Three very different approaches to the same problem. Google Search — and I mean the programmatic search API, not you typing into a browser — returns a ranked list of web pages based primarily on PageRank and dozens of other signals. It's optimized for popularity and authority, not factual accuracy. The core assumption is that if lots of people link to something, it's probably useful. That's a great assumption for "where's the nearest pizza place" but a terrible one for "what did the EU actually legislate last month." Tavily, which we used before Exa, takes a different approach: it searches, retrieves the top results, and then uses a language model to summarize them into a single coherent paragraph. It's a single-shot summarization layer on top of a search index. Exa does something fundamentally different. It uses what they call neural search — embedding queries and documents into a shared vector space, then retrieving based on semantic similarity rather than keyword matching. And critically, it doesn't just fire off one query and return results. It issues multiple sub-queries, evaluates what comes back, and refines its search based on what it finds.
It's not just a better search engine. It's a different category of thing. Like the difference between a library catalog and a research assistant who actually reads the books.

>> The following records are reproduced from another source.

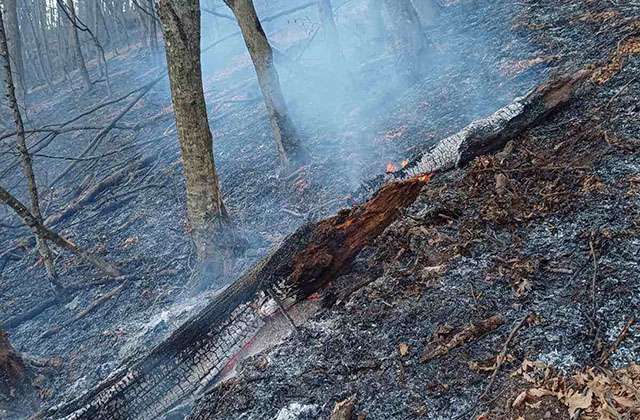 Հրդեհ «Դիլիջան ազգային պարկ»-ում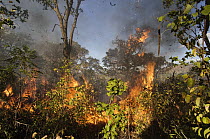 Brush fire in the Cerrado ecosystem, Formosa do Rio Preto, Brazil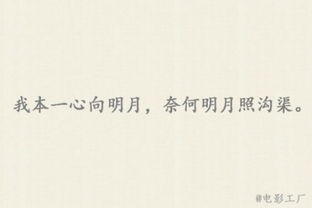 關(guān)于不要你了的詩句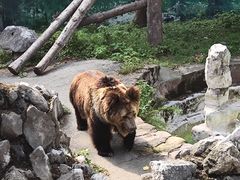 -成都动物园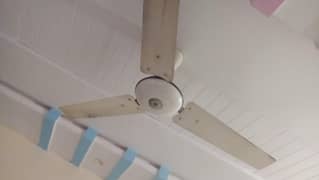 Ceiling Fan in Full Working Condition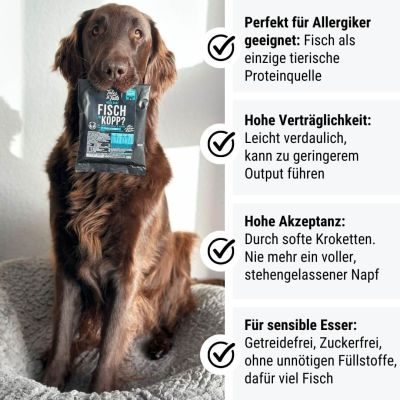 Thumbnail 3: Tales & Tails Noch ganz Fisch im Kopp Softtrockenfutter - Probe 5er Paket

That's the key insight. To understand why Exa works so well, we need to look at three specific architectural decisions that set it apart from Google and Tavily. First, the embedding approach. Second, the agentic loop. Third, the structured metadata output.
Let's start with embeddings. What does neural search actually mean in practice? Because "vector space" sounds like something from a physics lecture.

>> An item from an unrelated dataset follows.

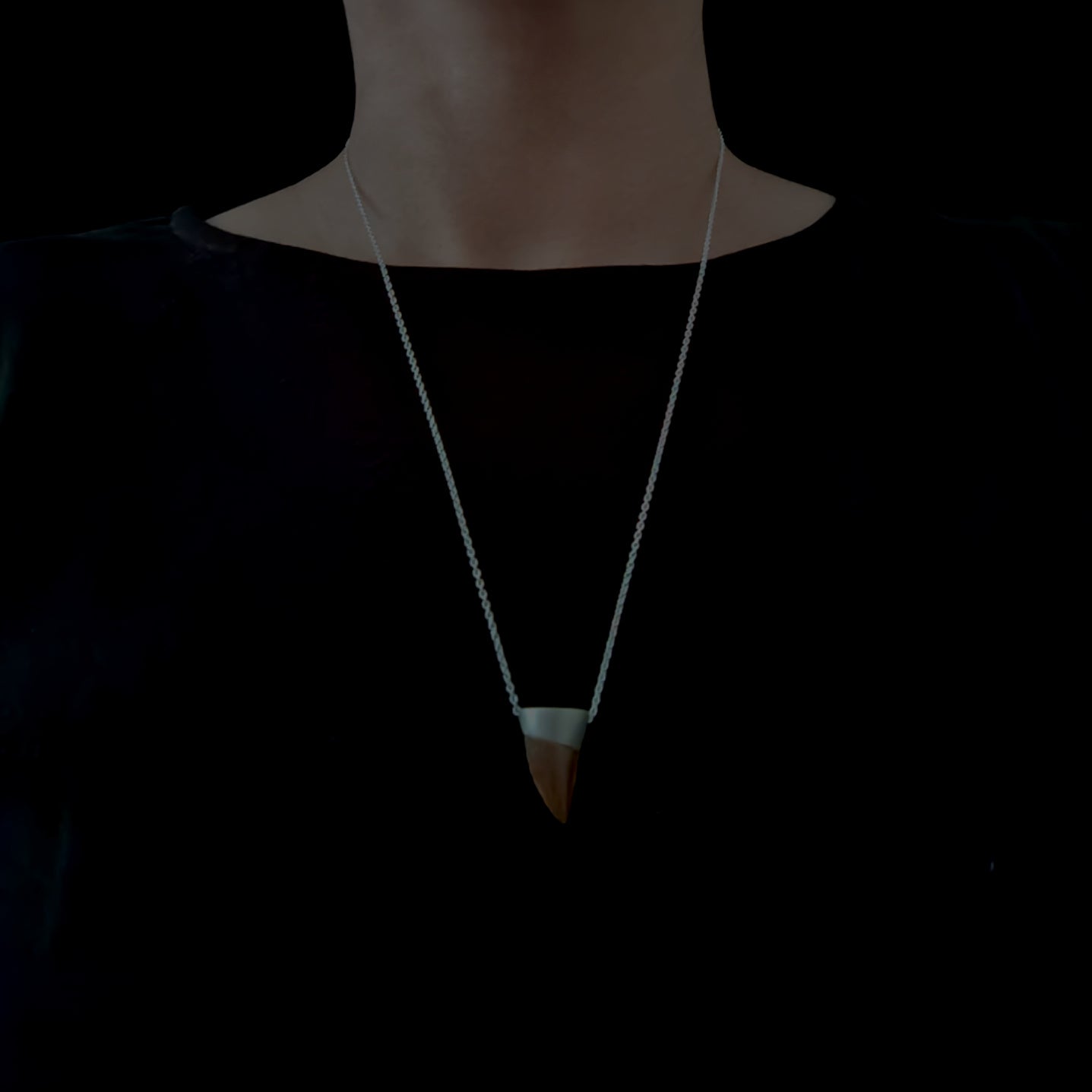 No.0017 モササウルスの歯 ネックレス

Traditional search engines like Google use an inverted index. Imagine the index at the back of a book — you look up a word, it tells you which pages contain that word. Google does this at massive scale, with sophisticated ranking algorithms on top, but fundamentally it's matching keywords to documents. You search for "EU AI regulation May twenty twenty-six" and it looks for pages containing those terms. Neural search works differently. Exa takes your query and converts it into a vector — essentially a list of numbers that represents the semantic meaning of your question. It does the same thing with every document in its index. Then it finds documents whose meaning-vectors are closest to your query-vector. The magic is that this captures conceptual similarity, not just word overlap.
If I search for "latest EU rules on artificial intelligence," it might find a document titled "European Commission Updates AI Liability Framework" even though none of my exact words appear in that title.
And here's a concrete example that makes this tangible. Imagine you're searching for information about a specific car recall. A keyword search for "Toyota brake recall twenty twenty-five" will only return documents that contain some combination of those words. It'll miss a document titled "Automaker Announces Safety Campaign for Prius Braking System" because the word "recall" doesn't appear — even though "safety campaign" is the industry term for the exact same thing. Exa's embedding model understands that "safety campaign" and "recall" are semantically equivalent in this context. It maps them to nearby points in vector space and retrieves both.
It's not just matching strings, it's matching meaning. Which feels like the promise of AI search that we've been hearing about for years.
Exa's embedding model is trained on a corpus of over a billion documents with a specific focus on news articles from the last five years. That temporal training bias is important — it means the model understands that "latest" and "recent" are temporal signals, not just generic adjectives. A general-purpose embedding model might treat "latest developments in quantum computing" the same as "developments in quantum computing." Exa's model knows to weight recency. It's been trained to recognize that "latest" isn't just flavor text — it's a constraint on the search.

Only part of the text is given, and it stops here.